For nearly ten years, suboptimal trial enrollment has been cited as a primary cause of clinical trial discontinuation. The Tufts Center for the Study of Drug Development released an impact report in 2013, in which it noted that nearly 37% of clinical trials miss enrollment targets [1]. A paper published in JAMA the following year revealed that enrollment was the reason most cited for clinical trial discontinuity [2]. A 2021 paper reviewing all discontinued clinical trials since 2000, revealed that enrollment forecasting remains the foremost reason for trial discontinuity, and suggests that this has cost the biotech and pharmaceutical industries approximately $40 billion USD (estimated conservatively*) [3].
According to Cytel experts, more precise recruitment projections can be calculated through a model-based approach that accounts for nonlinearity and randomness in the patient enrollment process. Intuitively, clinical operations specialists know that there will be site-level fluctuations. The same number of patients do not enroll every week, nor is there a straightforward way to account for how many will enroll. Yet, many conventional approaches to recruitment forecasting make exactly these assumptions.
Sophisticated approaches might account for some nonlinearity – for example, it might be that as trials progress and recruitment efforts become more efficient, it is possible to scale the number of patients who enroll. Without statistical insight, though, it is very difficult to capture the idea of randomness.

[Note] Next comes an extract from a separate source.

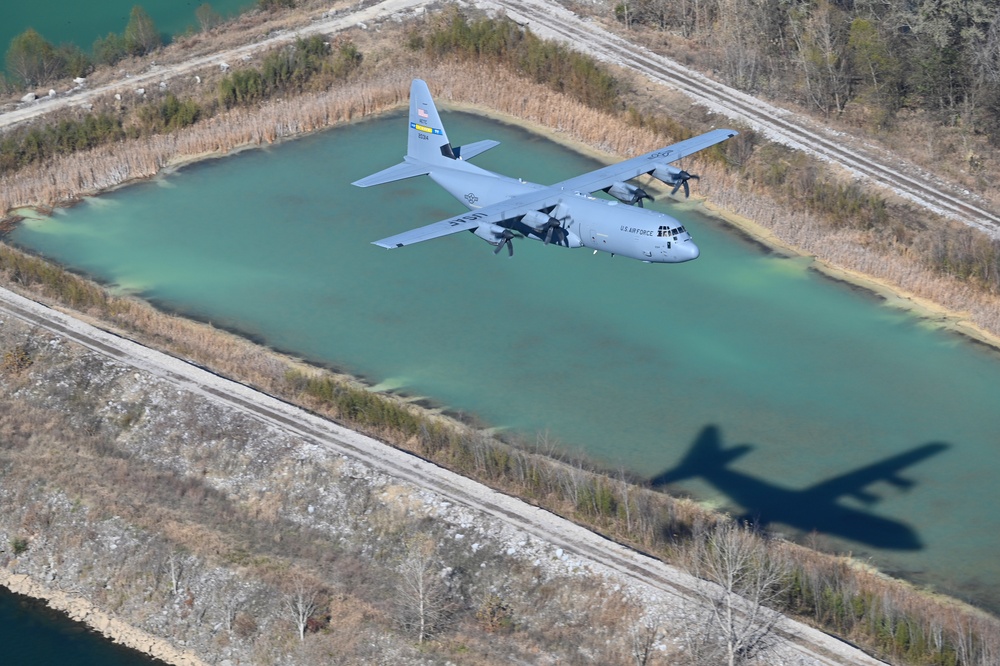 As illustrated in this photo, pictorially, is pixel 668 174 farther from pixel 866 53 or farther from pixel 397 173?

A model-based approach advocated by Cytel experts enables a somewhat different line of reasoning. Instead of asking how long will it take to enroll 1000 patients, we can instead ask what is the probability that 1000 patients will be enrolled in fifteen months, twenty months or thirty months. We can then tackle nonlinearity by creating a model like the one below (Figure 3 in the attached whitepaper):

While this might appear to be a small adjustment in approach, consider that using site-level historical data, clinical operations teams can make such projections for each potential trial site. They can see, for example, that there is an 80% chance of hitting targets at one site and only 20% at another site, whether to focus recruitment initiatives in one place or another. It is then possible to build a cumulative enrollment curve that enables the prediction of conservative and risky targets for recruitment:

According to a Cytel whitepaper on enrollment and patient recruitment, this can then lead to a number of new trial acceleration strategies and insights about relationships between key events.
[1] Impact Report, Tufts Center for the Study of Drug Development, 2013
[2] Kasenda B., et al., Prevalence, characteristics and publication of discontinued randomized trials. JAMA 2014
[3] Vellinga, A., Lambe, K., O’Connor, P. et al. What discontinued trials teach us about trial registration?. BMC Res Notes 14, 47 (2021). https://doi.org/10.1186/s13104-020-05391-w
*This assumes 163 discontinued trials, approximately $675,000 USD per trial and 37% of trials stopping due to patient recruitment issues.